Com a demora de 2 anos até o diagnóstico, a doença avançou e hoje Gustavo não consegue mais andar sozinho, mas somente com a ajuda de terceiros. Entretanto, o pequeno iniciou em meados de julho de 2016 tratamento com uma nova medicação, o Ataluren, e a expectativa de melhora é grande. Trata-se de droga aprovada no final de 2015 na Europa, ainda indisponível no Brasil. “Foi uma luta, pois é um medicamento de alto custo e só conseguimos via decisão judicial. Tivemos até que ir a Brasília passar por perícia a pedido do juiz. Quando recebemos o medicamento, a nota fiscal do tratamento de 6 meses era de R$ 720.000,00”, conta Luciana Barbosa de Lima.
Segundo a Dra. Alzira Alves de Siqueira Carvalho, o Ataluren não é indicado para todos os casos de distrofia muscular de Duchenne, mas apenas para cerca de 13% a 15% dos pacientes – como é o caso de Gustavo. Enquanto a doença impede a produção de um tipo de proteína pelo organismo, a medicação “engana” o DNA e permite a formação dessa proteína. “Apesar da proteína produzida ser defeituosa, ela é muito melhor para o organismo do que quando não havia proteína nenhuma”, afirma Dra. Alzira.

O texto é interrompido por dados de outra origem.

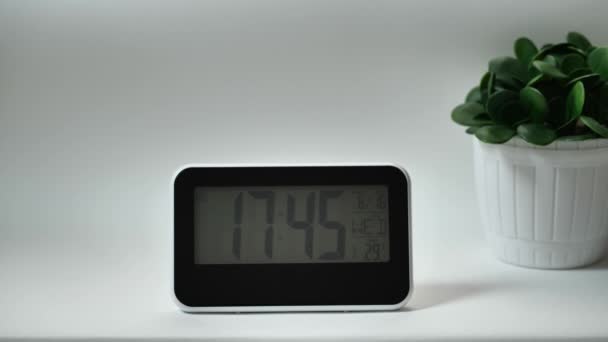 Современные Зеркальные Часы Термометром Гидрометр Стоит Белом Фоне Время Мимолетно — стоковое видео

Para identificação dos casos que podem se beneficiar com a droga é necessário realizar sequenciamento do gene – exame que também é feito na FMABC, a partir de sequenciador de última geração. “Trata-se de exame que precisa ser realizado em todos os pacientes com distrofia muscular de Duchenne, pois outras drogas que já estão sendo liberadas nos Estados Unidos e Europa também têm um alvo específico e serão úteis para uma outra porcentagem de doentes”, completa Dr. David Feder, professor titular de Farmacologia.